Chicago’s experience starkly illustrates that progressive leaders must anticipate a sophisticated opposition that will not wait for failures—it will create them. As Taylor emphasized, Johnson’s opponents were organized and active from even before Day One. Mamdani must be ready for opponents who will use dark-money super PACs, misinformation, and AI-driven information warfare to keep him constantly reacting and on defense—unable to proactively advance or deliver on his agenda. Without strong political and communications infrastructure, he risks losing control of the narrative, with perceptions dictated by whoever pays the most.
Yet, the experience of Chicago is far from unique. Just two months into Mayor Bill de Blasio’s administration in early 2014, he faced a multimillion-dollar independent expenditure campaign launched by the charter schools sector. Funded primarily by Families for Excellent Schools (FES)—an advocacy group bankrolled by wealthy philanthropies and hedge-fund executives closely aligned with Eva Moskowitz’s Success Academy—over $3.6 million was spent within just three weeks on emotionally resonant TV ads branding de Blasio as an obstacle to educational opportunity. These ads aired prominently across New York City, often deploying narratives featuring young Black and brown children and their anxious parents, effectively framing the new mayor’s early decisions as harmful to the city’s most vulnerable:
“Mayor Bill de Blasio talks about the Tale of Two Cities, but yet he wants to take away options from the communities that need it the most.”
“My daughter would have better opportunity at a charter school.”
“Charter school is doing so great for my son. I don’t know why he wouldn’t be supportive of that.”
The swift, well-financed campaign succeeded in forcing a significant legislative concession, demonstrating that the sophisticated opposition network Mamdani may face is neither unprecedented nor confined to Chicago.
Ultimately, progressive leaders like Johnson and Mamdani must recognize that winning office isn't the finish line—it's just the starting point. It's like carefully building a fortress but never staffing or maintaining it. The day you celebrate victory, subtle erosion begins, quietly weakening the structure from within. Without proactive political and communication infrastructure to shape public perception and swiftly counter misinformation, progressive accomplishments become fragile, easily reframed by wealthy opponents eager to tell their own stories. The real contest, then, isn’t merely securing power or passing policy; it’s preserving your ability to define reality itself.

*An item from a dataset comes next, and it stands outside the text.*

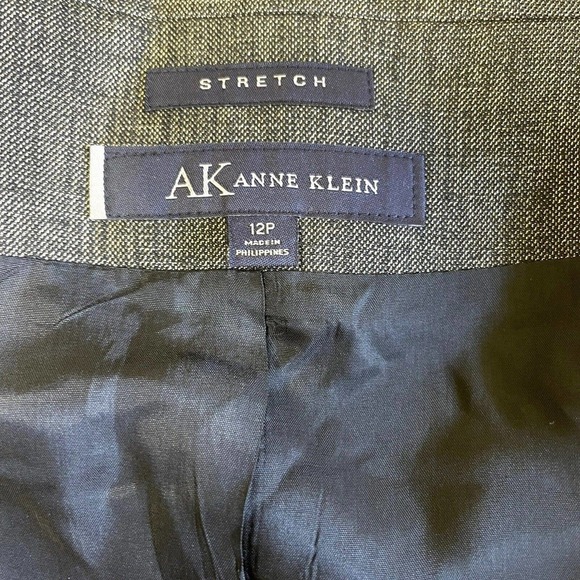 Anne Klein Women’s Short Jacket Suit Coat Black Stretch Shimmer Size 12 Petite - Picture 7 of 9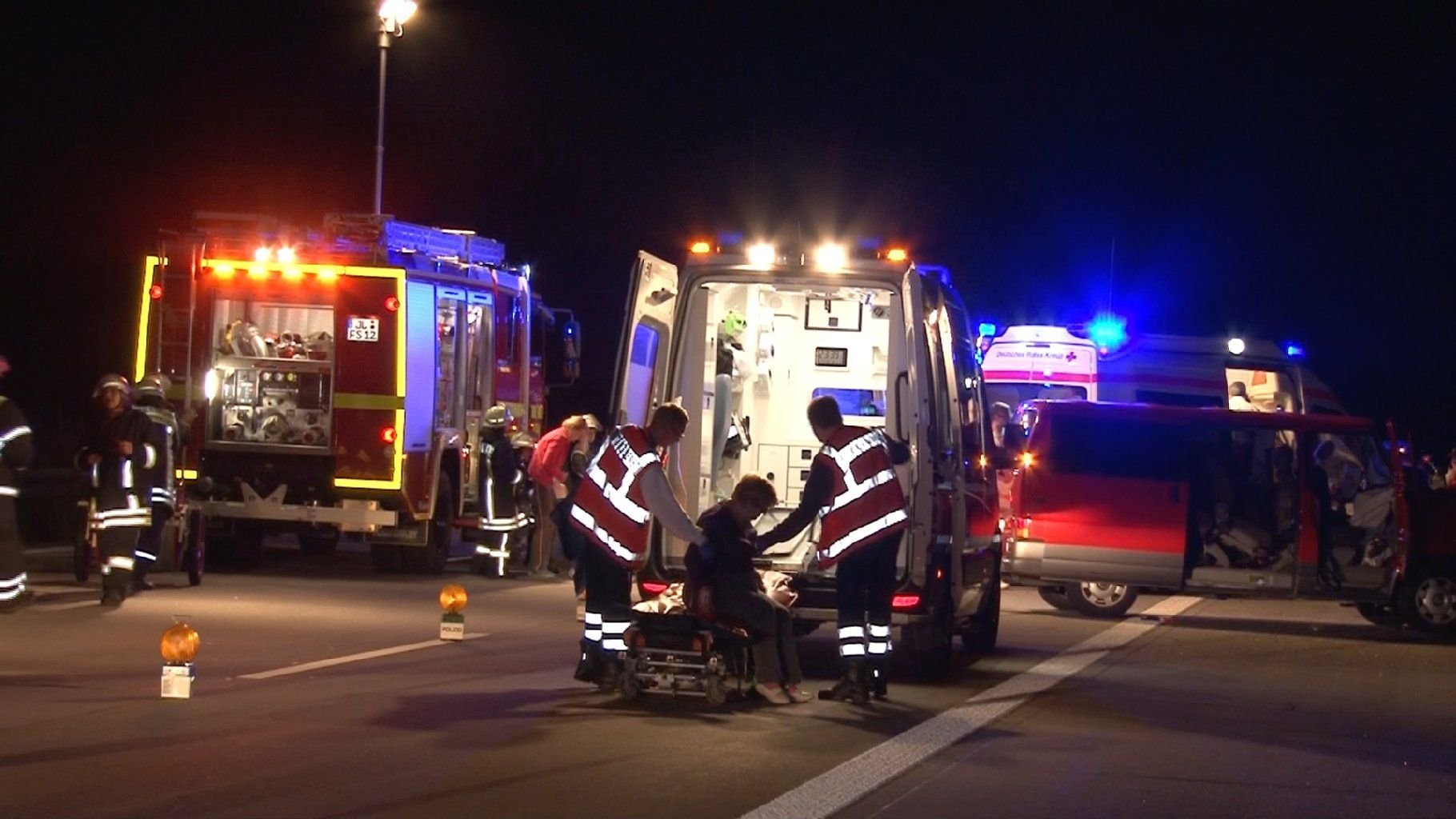 In der Nacht zum Freitag ereignete sich auf der Autobahn 2, in Richtung Berlin, ein schwerer Verkehrsunfall mit vier schwerverletzten und einer leicht verletzten Person.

This is what has cemented the desires of the 1% over the needs of the 99%. Now that Trump is busy dismantling government for the sake of the 1% the situation has worsened. Because the 1% has unlimited disposable income, anything can be afforded without diminishing their lifestyle in the least. Short of enlisting members of the 1% on the side of we the people, the primary way to assert the power of the people is through voting. That this is not enough by itself is exactly the point of this essay. Thank you for posting it as an educational piece for all of us who are watching our country being taken away from the many for the few.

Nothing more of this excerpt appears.